Khidmah kepada guru bisa dilakukan dalam beberapa bentuk. Antaranya membantu semua keperluan dan kebutuhannya baik dengan harta atau tenaga. Khidmah kepada guru juga bisa berbentuk mengamalkan, mengajarkan, dan menyebarkan segenap ilmu yang diberikan. Khidmah kepada guru juga bisa berbentuk minta restu dan selalu mendoakannya. Baik saat masih hidup terlebih jika sudah wafat. Imam Ahmad bin Hanbal (w 241 H) rahimahullahu berkata,
ﻭَﺇِﻧِّﻲ ﻷَﺩْﻋُﻮ ﻟِﻠﺸَّﺎﻓِﻌِﻲِّ ﻣُﻨْﺬُ ﺃَﺭْﺑَﻌﻴﻦَ ﺳَﻨَﺔٍ ﻓِﻲ ﺻﻼﺗﻲ
“Sungguh aku mendoakan untuk Asy-Syaafi’i selama 40 tahun dalam shalatku.” [Imam adz-Dzahabi, Siyar A’lam an-Nubala’ 8/217].
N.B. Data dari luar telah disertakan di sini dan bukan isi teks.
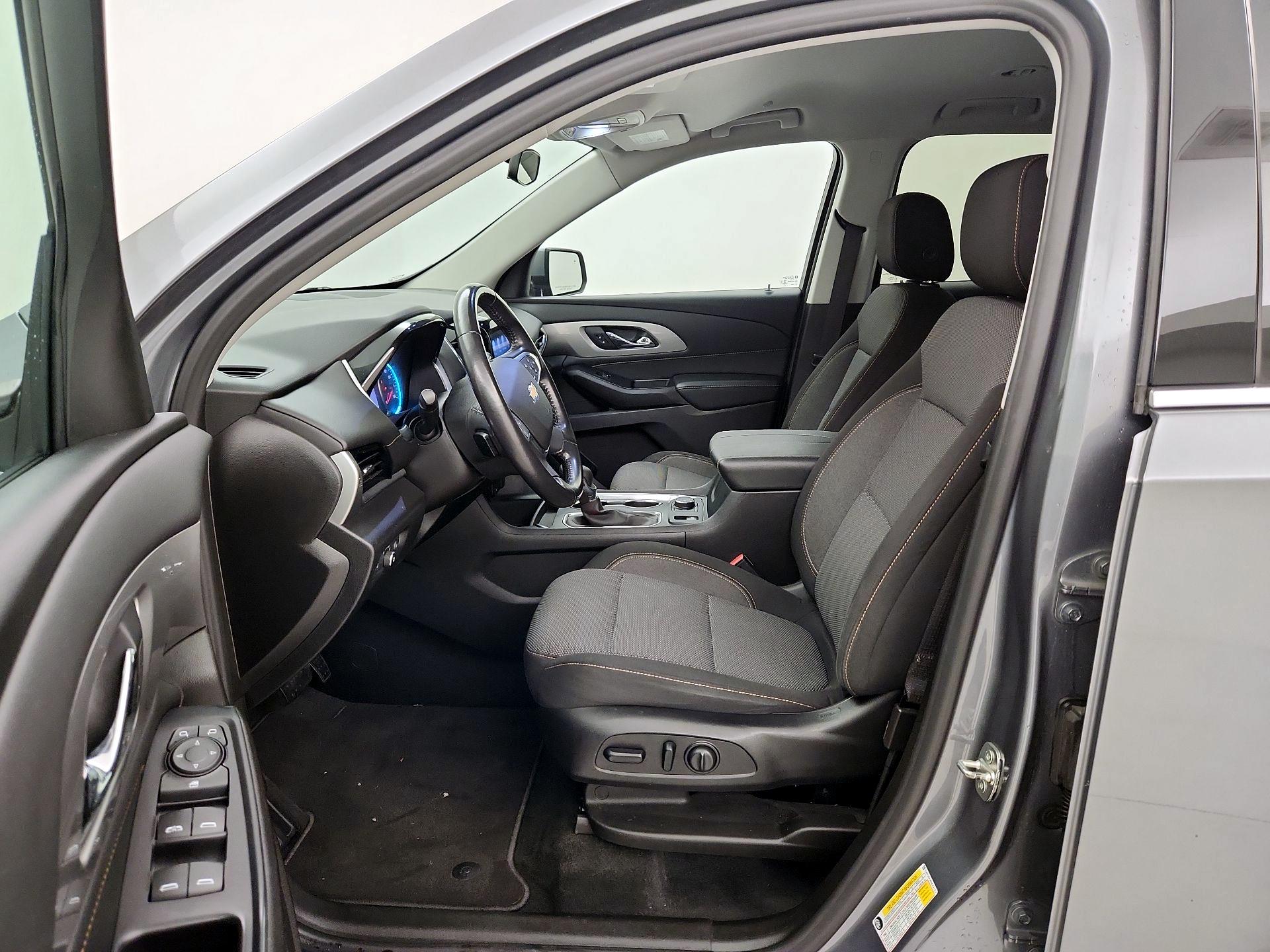 Thumbnail: 2021 Chevrolet Traverse - 11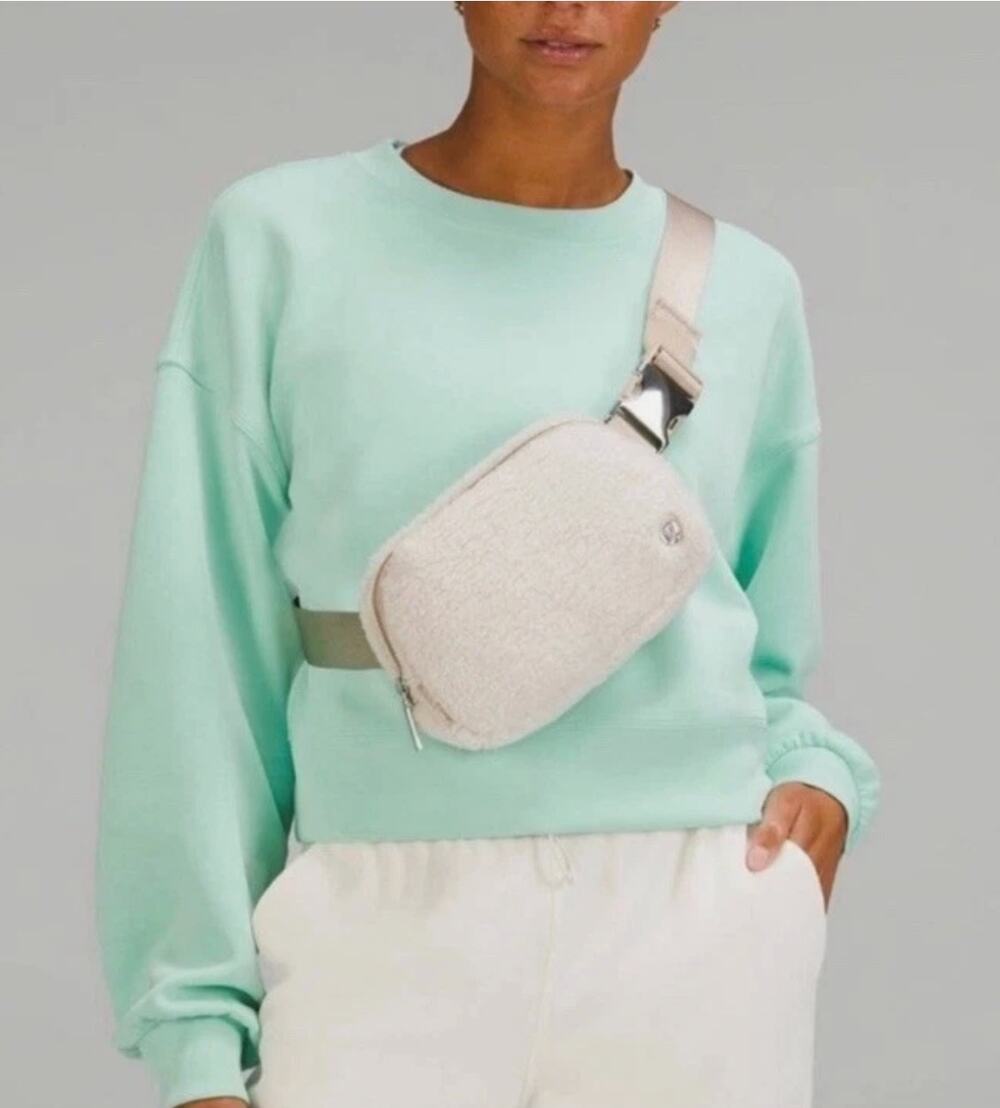 Lululemon Everywhere Belt Bag Natural Ivory Trench Fleece 1L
Abdurrahman bin Mahdi (w. 198 H) rahimahullahu berkata,
ﻭَﻗَﺎﻝَ ﺃَﺑُﻮ ﺛَﻮْﺭٍ: ﻗَﺎﻝَ ﻟِﻲ ﻋَﺒْﺪُ اﻟﺮَّﺣْﻤَﻦِ ﺑﻦُ ﻣَﻬْﺪِﻱٍّ: ﻣَﺎ ﺃُﺻَﻠِّﻲ ﺻَﻼَﺓً ﺇﻻَّ ﻭَﺃَﻧَﺎ ﺃَﺩْﻋُﻮ ﻟﻠﺸﺎﻓﻌﻲ ﻓِﻴْﻬَﺎ
Abdurrahman bin Mahdi berkata kepada Abu Tsaur: “Tidak sekalipun aku melakukan shalat melainkan aku mendoakan untuk Asy-Syaafi’i di dalam shalat tersebut.” [Imam Adz-Dzahabi, Siyar A’lam an-Nubala’ 8/252).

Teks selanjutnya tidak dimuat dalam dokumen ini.